区の答弁は、利用料負担への助成の拡大については、「介護保険制度に係る問題点については、本来国において改善されるべきもの」と言いながら、「区といたしましては、制度を廃止することや全額公費負担での実施を国に要求することは考えておりません」と責任逃れに終始した。
けしば議員は、「介護保険制度のもとでは、負担のみを強いられ、必要な介護が保障されません。介護保険は直ちに廃止し、介護は権利として公費で負担すべきあり方へ転換することを国に要求すべきだ」と、毅然と要求した。
杉並行財政改革の反動性 “働く人の雇用を奪い子どもたちが犠牲に”
山田区長が、「行財政改革を着実に実行し、行政のあり方の見直しや区政の大転換を図る」として昨年十一月に発表した「スマートすぎなみ計画」。このもとで十年間に千人の職員削減が計画され、事業の委託化・民営化が推進されようとしている。

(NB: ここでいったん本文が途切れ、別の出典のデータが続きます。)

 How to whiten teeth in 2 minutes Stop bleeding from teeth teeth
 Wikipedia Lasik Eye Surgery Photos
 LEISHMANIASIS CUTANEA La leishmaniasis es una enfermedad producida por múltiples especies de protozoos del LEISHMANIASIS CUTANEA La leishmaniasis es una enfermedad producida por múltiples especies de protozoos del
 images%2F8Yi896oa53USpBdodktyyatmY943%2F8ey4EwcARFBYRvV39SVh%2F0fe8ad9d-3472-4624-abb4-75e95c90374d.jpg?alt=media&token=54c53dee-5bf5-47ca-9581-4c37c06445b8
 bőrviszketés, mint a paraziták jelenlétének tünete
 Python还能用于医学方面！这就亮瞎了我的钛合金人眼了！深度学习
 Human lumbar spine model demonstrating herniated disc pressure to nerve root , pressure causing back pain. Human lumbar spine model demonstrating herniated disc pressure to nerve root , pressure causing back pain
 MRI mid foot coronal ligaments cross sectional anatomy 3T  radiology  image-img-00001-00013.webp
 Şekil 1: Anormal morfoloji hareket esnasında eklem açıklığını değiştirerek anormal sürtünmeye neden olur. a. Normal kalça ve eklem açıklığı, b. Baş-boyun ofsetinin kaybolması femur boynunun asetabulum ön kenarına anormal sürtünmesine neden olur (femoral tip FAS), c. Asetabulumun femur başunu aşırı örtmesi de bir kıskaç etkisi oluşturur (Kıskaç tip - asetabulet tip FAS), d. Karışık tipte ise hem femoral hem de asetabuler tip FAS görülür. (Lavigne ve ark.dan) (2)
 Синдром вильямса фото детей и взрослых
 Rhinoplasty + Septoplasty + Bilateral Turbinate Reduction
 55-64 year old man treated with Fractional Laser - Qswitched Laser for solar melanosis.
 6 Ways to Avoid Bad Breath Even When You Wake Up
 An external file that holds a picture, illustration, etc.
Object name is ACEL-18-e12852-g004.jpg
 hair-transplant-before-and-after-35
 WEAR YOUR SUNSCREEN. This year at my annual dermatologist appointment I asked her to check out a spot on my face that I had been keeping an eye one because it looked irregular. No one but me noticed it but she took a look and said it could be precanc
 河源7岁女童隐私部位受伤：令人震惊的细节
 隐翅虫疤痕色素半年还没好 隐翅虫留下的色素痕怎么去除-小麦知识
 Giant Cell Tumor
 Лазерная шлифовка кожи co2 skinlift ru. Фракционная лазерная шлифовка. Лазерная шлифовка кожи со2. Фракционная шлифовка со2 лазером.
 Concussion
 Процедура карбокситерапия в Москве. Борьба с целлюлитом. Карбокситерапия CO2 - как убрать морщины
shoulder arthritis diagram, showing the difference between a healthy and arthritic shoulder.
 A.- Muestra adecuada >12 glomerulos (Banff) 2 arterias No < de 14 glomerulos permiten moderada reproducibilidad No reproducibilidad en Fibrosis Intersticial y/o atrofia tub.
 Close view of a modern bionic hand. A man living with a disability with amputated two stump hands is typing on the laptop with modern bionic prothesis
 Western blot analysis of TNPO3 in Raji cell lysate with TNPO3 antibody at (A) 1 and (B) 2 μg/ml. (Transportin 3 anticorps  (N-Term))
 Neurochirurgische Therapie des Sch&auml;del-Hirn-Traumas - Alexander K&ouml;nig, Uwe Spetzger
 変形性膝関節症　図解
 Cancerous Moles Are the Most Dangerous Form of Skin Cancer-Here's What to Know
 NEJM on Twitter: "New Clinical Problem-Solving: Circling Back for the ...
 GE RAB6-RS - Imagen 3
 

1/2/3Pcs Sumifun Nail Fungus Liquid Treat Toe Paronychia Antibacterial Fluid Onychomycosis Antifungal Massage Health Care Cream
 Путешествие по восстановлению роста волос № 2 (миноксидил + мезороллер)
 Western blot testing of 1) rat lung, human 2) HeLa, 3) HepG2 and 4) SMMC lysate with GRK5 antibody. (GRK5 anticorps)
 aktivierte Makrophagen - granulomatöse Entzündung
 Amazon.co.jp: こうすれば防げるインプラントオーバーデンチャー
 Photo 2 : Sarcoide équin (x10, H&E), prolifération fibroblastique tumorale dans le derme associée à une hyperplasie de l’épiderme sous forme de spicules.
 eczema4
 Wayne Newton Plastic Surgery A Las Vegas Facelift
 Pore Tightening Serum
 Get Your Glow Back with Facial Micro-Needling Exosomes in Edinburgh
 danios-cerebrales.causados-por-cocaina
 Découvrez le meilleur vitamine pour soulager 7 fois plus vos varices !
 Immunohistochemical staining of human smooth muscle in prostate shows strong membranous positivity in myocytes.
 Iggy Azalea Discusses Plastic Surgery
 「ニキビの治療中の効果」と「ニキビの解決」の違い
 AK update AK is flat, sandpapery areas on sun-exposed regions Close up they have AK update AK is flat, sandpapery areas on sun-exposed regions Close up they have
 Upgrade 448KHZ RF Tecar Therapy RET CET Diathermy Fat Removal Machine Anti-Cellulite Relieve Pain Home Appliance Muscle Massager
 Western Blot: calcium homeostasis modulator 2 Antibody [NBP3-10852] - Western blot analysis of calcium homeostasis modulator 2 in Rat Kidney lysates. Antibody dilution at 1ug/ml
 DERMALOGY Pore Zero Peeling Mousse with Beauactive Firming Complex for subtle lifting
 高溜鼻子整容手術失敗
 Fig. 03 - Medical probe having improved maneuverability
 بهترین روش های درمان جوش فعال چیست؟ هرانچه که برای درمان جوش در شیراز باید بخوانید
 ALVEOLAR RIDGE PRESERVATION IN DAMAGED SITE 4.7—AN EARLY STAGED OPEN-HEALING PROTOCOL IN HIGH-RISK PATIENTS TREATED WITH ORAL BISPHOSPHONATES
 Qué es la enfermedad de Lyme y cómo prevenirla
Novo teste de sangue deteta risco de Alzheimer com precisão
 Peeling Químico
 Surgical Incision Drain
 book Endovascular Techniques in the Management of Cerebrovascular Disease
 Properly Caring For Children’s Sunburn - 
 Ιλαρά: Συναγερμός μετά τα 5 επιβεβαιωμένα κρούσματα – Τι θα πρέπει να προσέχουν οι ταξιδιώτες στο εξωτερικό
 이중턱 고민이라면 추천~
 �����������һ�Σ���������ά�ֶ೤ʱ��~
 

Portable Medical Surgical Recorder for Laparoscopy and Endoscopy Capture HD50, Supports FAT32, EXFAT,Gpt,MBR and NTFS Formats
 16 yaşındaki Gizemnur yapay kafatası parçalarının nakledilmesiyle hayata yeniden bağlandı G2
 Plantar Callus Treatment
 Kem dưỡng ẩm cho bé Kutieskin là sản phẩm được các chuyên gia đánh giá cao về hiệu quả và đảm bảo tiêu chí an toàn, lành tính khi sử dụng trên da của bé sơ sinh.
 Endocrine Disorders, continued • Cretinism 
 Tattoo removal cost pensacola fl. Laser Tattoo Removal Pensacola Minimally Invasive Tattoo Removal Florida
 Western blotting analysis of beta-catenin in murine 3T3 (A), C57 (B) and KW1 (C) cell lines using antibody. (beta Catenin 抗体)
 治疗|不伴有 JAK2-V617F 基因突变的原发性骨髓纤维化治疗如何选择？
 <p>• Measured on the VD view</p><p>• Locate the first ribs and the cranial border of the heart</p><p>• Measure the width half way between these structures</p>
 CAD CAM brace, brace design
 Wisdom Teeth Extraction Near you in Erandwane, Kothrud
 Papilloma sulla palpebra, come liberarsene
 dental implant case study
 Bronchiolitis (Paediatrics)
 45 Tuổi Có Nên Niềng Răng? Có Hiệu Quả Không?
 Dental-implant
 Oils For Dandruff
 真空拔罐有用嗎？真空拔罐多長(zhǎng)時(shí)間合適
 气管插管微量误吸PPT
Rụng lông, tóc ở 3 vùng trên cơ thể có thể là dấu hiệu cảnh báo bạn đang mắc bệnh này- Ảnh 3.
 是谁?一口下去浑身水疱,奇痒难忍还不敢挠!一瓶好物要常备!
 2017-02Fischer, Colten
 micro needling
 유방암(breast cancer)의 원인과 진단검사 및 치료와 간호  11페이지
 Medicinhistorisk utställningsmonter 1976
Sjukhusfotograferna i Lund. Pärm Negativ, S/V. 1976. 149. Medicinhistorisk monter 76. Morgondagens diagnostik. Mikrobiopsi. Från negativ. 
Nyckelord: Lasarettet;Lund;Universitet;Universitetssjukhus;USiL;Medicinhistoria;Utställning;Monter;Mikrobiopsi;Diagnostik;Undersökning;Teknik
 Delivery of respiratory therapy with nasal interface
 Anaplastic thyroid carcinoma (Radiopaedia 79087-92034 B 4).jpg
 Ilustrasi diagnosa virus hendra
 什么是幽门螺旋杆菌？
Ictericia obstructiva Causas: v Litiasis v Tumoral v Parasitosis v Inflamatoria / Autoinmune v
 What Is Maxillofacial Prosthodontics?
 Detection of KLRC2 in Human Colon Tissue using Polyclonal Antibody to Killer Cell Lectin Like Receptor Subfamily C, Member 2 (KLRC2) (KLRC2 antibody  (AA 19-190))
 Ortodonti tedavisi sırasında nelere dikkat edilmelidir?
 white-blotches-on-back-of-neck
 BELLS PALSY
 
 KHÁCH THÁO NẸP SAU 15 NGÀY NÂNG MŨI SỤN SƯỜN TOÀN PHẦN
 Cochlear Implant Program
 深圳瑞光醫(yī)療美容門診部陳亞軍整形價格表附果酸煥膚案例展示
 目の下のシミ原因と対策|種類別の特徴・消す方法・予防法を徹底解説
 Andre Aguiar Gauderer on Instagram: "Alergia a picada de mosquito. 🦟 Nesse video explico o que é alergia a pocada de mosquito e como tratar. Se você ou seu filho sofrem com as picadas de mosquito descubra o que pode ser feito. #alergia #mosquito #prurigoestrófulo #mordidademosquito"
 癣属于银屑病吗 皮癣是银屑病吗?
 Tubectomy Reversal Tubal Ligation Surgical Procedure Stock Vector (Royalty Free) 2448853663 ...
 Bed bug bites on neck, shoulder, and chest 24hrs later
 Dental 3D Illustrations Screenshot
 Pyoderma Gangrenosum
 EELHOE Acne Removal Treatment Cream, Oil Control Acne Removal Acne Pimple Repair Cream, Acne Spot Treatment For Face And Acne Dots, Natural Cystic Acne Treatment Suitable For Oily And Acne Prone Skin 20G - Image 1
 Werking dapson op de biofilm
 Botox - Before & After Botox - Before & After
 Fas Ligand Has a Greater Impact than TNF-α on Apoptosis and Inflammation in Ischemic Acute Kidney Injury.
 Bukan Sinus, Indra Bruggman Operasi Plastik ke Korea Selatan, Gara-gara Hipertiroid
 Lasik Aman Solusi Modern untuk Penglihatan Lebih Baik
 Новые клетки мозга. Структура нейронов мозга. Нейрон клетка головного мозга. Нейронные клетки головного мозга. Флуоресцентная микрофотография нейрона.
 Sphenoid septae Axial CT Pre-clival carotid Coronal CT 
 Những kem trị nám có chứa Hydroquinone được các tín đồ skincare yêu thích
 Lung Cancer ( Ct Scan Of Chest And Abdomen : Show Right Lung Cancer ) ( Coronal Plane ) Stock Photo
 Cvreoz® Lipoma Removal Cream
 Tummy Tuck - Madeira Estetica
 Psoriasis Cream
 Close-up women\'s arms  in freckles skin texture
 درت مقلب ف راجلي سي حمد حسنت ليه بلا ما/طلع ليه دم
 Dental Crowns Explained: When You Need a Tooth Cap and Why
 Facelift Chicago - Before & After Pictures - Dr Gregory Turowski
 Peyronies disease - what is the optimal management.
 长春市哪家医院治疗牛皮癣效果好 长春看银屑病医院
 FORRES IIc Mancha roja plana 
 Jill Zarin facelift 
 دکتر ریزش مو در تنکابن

けしば議員は「この削減計画が対象としている学校、保育園、児童館、保健所、障害者福祉施設などの職場で働いている正規職員、嘱託員、パート職員が全体の職員数の中で占める割合はそれぞれどれくらいか」と質問した。総務部長の答弁によれば、正規職員で四五・七%、嘱託員で四八・七%、パートタイマーでは九一・九%。この数字を示した上で「いずれにしましても、職員の増減だけで施策の優劣を推し量ることはいかがなものか」とうそぶく総務部長。
けしば議員は「まさにこの職員の増減に施策の有り様が現れたわけです。『スマートすぎなみ計画』は明らかに、福祉・教育・区民生活という最も区民と直結した、必要な部門の切り捨てだ」と追及した。
けしば議員のこの指摘が最も鋭く突き出されているのが、学校給食の民間委託問題である。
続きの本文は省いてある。